== Segment start ==
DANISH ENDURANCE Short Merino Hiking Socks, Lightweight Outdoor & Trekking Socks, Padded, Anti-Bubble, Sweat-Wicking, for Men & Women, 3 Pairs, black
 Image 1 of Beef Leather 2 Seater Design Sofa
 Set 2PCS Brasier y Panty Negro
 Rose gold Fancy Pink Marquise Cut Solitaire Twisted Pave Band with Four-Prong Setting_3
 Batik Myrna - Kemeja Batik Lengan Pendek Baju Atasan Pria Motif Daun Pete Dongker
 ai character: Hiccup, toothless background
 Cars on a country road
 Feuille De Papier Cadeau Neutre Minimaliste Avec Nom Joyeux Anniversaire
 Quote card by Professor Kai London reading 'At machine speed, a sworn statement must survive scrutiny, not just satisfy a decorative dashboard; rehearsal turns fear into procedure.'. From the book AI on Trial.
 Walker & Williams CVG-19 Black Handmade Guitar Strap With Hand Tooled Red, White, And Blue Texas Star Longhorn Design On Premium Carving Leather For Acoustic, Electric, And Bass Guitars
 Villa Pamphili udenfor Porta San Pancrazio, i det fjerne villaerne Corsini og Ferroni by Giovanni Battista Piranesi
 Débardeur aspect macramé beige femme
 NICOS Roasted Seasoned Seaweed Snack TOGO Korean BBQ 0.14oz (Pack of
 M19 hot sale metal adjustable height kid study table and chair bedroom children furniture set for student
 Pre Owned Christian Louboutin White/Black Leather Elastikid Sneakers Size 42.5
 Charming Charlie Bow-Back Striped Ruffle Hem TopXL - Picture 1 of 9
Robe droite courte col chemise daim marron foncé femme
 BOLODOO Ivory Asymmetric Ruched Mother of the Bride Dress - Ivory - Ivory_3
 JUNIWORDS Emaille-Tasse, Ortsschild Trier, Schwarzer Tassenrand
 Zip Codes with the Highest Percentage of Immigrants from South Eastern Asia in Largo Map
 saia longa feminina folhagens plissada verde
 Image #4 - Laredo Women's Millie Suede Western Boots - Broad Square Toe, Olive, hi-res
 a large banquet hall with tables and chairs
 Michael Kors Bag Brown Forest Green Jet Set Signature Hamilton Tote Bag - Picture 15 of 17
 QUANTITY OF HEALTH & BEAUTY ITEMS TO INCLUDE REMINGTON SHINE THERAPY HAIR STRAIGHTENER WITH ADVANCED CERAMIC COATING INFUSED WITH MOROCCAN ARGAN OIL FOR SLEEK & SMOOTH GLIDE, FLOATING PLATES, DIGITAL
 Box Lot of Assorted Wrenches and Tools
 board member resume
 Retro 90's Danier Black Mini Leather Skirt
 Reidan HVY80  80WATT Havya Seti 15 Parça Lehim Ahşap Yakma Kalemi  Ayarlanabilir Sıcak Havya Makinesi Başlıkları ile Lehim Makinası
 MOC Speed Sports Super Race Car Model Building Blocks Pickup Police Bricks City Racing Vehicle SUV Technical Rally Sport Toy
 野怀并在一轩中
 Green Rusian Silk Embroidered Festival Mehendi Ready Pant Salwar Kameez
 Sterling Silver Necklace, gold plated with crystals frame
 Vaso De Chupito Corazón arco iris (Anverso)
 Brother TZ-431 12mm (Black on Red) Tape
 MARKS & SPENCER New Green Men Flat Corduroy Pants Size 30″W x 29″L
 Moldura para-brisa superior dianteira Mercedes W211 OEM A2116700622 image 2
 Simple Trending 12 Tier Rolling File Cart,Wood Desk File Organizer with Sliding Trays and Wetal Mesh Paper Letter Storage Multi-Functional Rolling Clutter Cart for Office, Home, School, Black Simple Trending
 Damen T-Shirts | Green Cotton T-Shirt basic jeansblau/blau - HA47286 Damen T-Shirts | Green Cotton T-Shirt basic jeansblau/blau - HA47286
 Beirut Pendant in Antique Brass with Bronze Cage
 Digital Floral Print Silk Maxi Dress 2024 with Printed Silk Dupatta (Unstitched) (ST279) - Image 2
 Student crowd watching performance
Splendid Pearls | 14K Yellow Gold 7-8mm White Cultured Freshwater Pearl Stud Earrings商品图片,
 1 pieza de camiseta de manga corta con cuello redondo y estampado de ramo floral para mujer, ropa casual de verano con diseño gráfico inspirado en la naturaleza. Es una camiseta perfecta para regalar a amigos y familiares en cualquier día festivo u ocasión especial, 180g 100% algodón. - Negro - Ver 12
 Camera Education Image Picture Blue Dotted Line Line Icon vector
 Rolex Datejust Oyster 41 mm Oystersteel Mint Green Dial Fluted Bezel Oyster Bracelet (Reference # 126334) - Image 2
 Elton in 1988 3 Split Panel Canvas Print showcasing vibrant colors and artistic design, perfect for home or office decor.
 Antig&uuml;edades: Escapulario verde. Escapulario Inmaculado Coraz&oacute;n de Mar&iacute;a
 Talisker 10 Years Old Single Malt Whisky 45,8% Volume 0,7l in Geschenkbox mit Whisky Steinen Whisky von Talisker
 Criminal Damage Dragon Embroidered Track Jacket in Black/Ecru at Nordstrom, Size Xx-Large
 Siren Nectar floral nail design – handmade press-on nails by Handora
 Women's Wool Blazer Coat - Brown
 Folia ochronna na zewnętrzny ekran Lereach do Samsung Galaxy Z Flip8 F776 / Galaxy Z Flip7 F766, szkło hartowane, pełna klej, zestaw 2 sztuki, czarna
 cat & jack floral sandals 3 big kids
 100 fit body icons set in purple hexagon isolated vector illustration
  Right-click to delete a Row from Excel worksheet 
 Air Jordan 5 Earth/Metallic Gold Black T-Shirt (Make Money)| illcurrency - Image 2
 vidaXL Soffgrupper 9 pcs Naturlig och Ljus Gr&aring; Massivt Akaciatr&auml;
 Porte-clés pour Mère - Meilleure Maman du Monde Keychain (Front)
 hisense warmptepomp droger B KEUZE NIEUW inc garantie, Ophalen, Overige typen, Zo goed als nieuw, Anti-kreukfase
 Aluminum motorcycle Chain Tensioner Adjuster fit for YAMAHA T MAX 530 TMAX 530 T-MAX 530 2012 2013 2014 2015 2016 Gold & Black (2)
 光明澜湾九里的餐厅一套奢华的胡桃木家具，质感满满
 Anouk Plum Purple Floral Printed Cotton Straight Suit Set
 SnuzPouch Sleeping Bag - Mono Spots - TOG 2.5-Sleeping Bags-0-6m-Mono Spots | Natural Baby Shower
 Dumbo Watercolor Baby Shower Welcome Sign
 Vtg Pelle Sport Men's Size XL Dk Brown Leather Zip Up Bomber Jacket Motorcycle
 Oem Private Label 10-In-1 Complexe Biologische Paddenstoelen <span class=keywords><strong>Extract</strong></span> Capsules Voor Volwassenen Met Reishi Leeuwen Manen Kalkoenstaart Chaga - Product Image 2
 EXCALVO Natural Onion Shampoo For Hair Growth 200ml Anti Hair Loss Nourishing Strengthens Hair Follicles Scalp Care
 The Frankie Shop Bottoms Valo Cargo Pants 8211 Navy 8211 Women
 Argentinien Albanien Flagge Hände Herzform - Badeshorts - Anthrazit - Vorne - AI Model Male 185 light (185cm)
== Segment end ==
* WORK TO BE COMPLETED
Each line of the listing should be copied exactly.

* TASK ANSWER
DANISH ENDURANCE Short Merino Hiking Socks, Lightweight Outdoor & Trekking Socks, Padded, Anti-Bubble, Sweat-Wicking, for Men & Women, 3 Pairs, black
 Image 1 of Beef Leather 2 Seater Design Sofa
 Set 2PCS Brasier y Panty Negro
 Rose gold Fancy Pink Marquise Cut Solitaire Twisted Pave Band with Four-Prong Setting_3
 Batik Myrna - Kemeja Batik Lengan Pendek Baju Atasan Pria Motif Daun Pete Dongker
 ai character: Hiccup, toothless background
 Cars on a country road
 Feuille De Papier Cadeau Neutre Minimaliste Avec Nom Joyeux Anniversaire
 Quote card by Professor Kai London reading 'At machine speed, a sworn statement must survive scrutiny, not just satisfy a decorative dashboard; rehearsal turns fear into procedure.'. From the book AI on Trial.
 Walker & Williams CVG-19 Black Handmade Guitar Strap With Hand Tooled Red, White, And Blue Texas Star Longhorn Design On Premium Carving Leather For Acoustic, Electric, And Bass Guitars
 Villa Pamphili udenfor Porta San Pancrazio, i det fjerne villaerne Corsini og Ferroni by Giovanni Battista Piranesi
 Débardeur aspect macramé beige femme
 NICOS Roasted Seasoned Seaweed Snack TOGO Korean BBQ 0.14oz (Pack of
 M19 hot sale metal adjustable height kid study table and chair bedroom children furniture set for student
 Pre Owned Christian Louboutin White/Black Leather Elastikid Sneakers Size 42.5
 Charming Charlie Bow-Back Striped Ruffle Hem TopXL - Picture 1 of 9
Robe droite courte col chemise daim marron foncé femme
 BOLODOO Ivory Asymmetric Ruched Mother of the Bride Dress - Ivory - Ivory_3
 JUNIWORDS Emaille-Tasse, Ortsschild Trier, Schwarzer Tassenrand
 Zip Codes with the Highest Percentage of Immigrants from South Eastern Asia in Largo Map
 saia longa feminina folhagens plissada verde
 Image #4 - Laredo Women's Millie Suede Western Boots - Broad Square Toe, Olive, hi-res
 a large banquet hall with tables and chairs
 Michael Kors Bag Brown Forest Green Jet Set Signature Hamilton Tote Bag - Picture 15 of 17
 QUANTITY OF HEALTH & BEAUTY ITEMS TO INCLUDE REMINGTON SHINE THERAPY HAIR STRAIGHTENER WITH ADVANCED CERAMIC COATING INFUSED WITH MOROCCAN ARGAN OIL FOR SLEEK & SMOOTH GLIDE, FLOATING PLATES, DIGITAL
 Box Lot of Assorted Wrenches and Tools
 board member resume
 Retro 90's Danier Black Mini Leather Skirt
 Reidan HVY80  80WATT Havya Seti 15 Parça Lehim Ahşap Yakma Kalemi  Ayarlanabilir Sıcak Havya Makinesi Başlıkları ile Lehim Makinası
 MOC Speed Sports Super Race Car Model Building Blocks Pickup Police Bricks City Racing Vehicle SUV Technical Rally Sport Toy
 野怀并在一轩中
 Green Rusian Silk Embroidered Festival Mehendi Ready Pant Salwar Kameez
 Sterling Silver Necklace, gold plated with crystals frame
 Vaso De Chupito Corazón arco iris (Anverso)
 Brother TZ-431 12mm (Black on Red) Tape
 MARKS & SPENCER New Green Men Flat Corduroy Pants Size 30″W x 29″L
 Moldura para-brisa superior dianteira Mercedes W211 OEM A2116700622 image 2
 Simple Trending 12 Tier Rolling File Cart,Wood Desk File Organizer with Sliding Trays and Wetal Mesh Paper Letter Storage Multi-Functional Rolling Clutter Cart for Office, Home, School, Black Simple Trending
 Damen T-Shirts | Green Cotton T-Shirt basic jeansblau/blau - HA47286 Damen T-Shirts | Green Cotton T-Shirt basic jeansblau/blau - HA47286
 Beirut Pendant in Antique Brass with Bronze Cage
 Digital Floral Print Silk Maxi Dress 2024 with Printed Silk Dupatta (Unstitched) (ST279) - Image 2
 Student crowd watching performance
Splendid Pearls | 14K Yellow Gold 7-8mm White Cultured Freshwater Pearl Stud Earrings商品图片,
 1 pieza de camiseta de manga corta con cuello redondo y estampado de ramo floral para mujer, ropa casual de verano con diseño gráfico inspirado en la naturaleza. Es una camiseta perfecta para regalar a amigos y familiares en cualquier día festivo u ocasión especial, 180g 100% algodón. - Negro - Ver 12
 Camera Education Image Picture Blue Dotted Line Line Icon vector
 Rolex Datejust Oyster 41 mm Oystersteel Mint Green Dial Fluted Bezel Oyster Bracelet (Reference # 126334) - Image 2
 Elton in 1988 3 Split Panel Canvas Print showcasing vibrant colors and artistic design, perfect for home or office decor.
 Antig&uuml;edades: Escapulario verde. Escapulario Inmaculado Coraz&oacute;n de Mar&iacute;a
 Talisker 10 Years Old Single Malt Whisky 45,8% Volume 0,7l in Geschenkbox mit Whisky Steinen Whisky von Talisker
 Criminal Damage Dragon Embroidered Track Jacket in Black/Ecru at Nordstrom, Size Xx-Large
 Siren Nectar floral nail design – handmade press-on nails by Handora
 Women's Wool Blazer Coat - Brown
 Folia ochronna na zewnętrzny ekran Lereach do Samsung Galaxy Z Flip8 F776 / Galaxy Z Flip7 F766, szkło hartowane, pełna klej, zestaw 2 sztuki, czarna
 cat & jack floral sandals 3 big kids
 100 fit body icons set in purple hexagon isolated vector illustration
  Right-click to delete a Row from Excel worksheet 
 Air Jordan 5 Earth/Metallic Gold Black T-Shirt (Make Money)| illcurrency - Image 2
 vidaXL Soffgrupper 9 pcs Naturlig och Ljus Gr&aring; Massivt Akaciatr&auml;
 Porte-clés pour Mère - Meilleure Maman du Monde Keychain (Front)
 hisense warmptepomp droger B KEUZE NIEUW inc garantie, Ophalen, Overige typen, Zo goed als nieuw, Anti-kreukfase
 Aluminum motorcycle Chain Tensioner Adjuster fit for YAMAHA T MAX 530 TMAX 530 T-MAX 530 2012 2013 2014 2015 2016 Gold & Black (2)
 光明澜湾九里的餐厅一套奢华的胡桃木家具，质感满满
 Anouk Plum Purple Floral Printed Cotton Straight Suit Set
 SnuzPouch Sleeping Bag - Mono Spots - TOG 2.5-Sleeping Bags-0-6m-Mono Spots | Natural Baby Shower
 Dumbo Watercolor Baby Shower Welcome Sign
 Vtg Pelle Sport Men's Size XL Dk Brown Leather Zip Up Bomber Jacket Motorcycle
 Oem Private Label 10-In-1 Complexe Biologische Paddenstoelen <span class=keywords><strong>Extract</strong></span> Capsules Voor Volwassenen Met Reishi Leeuwen Manen Kalkoenstaart Chaga - Product Image 2
 EXCALVO Natural Onion Shampoo For Hair Growth 200ml Anti Hair Loss Nourishing Strengthens Hair Follicles Scalp Care
 The Frankie Shop Bottoms Valo Cargo Pants 8211 Navy 8211 Women
 Argentinien Albanien Flagge Hände Herzform - Badeshorts - Anthrazit - Vorne - AI Model Male 185 light (185cm)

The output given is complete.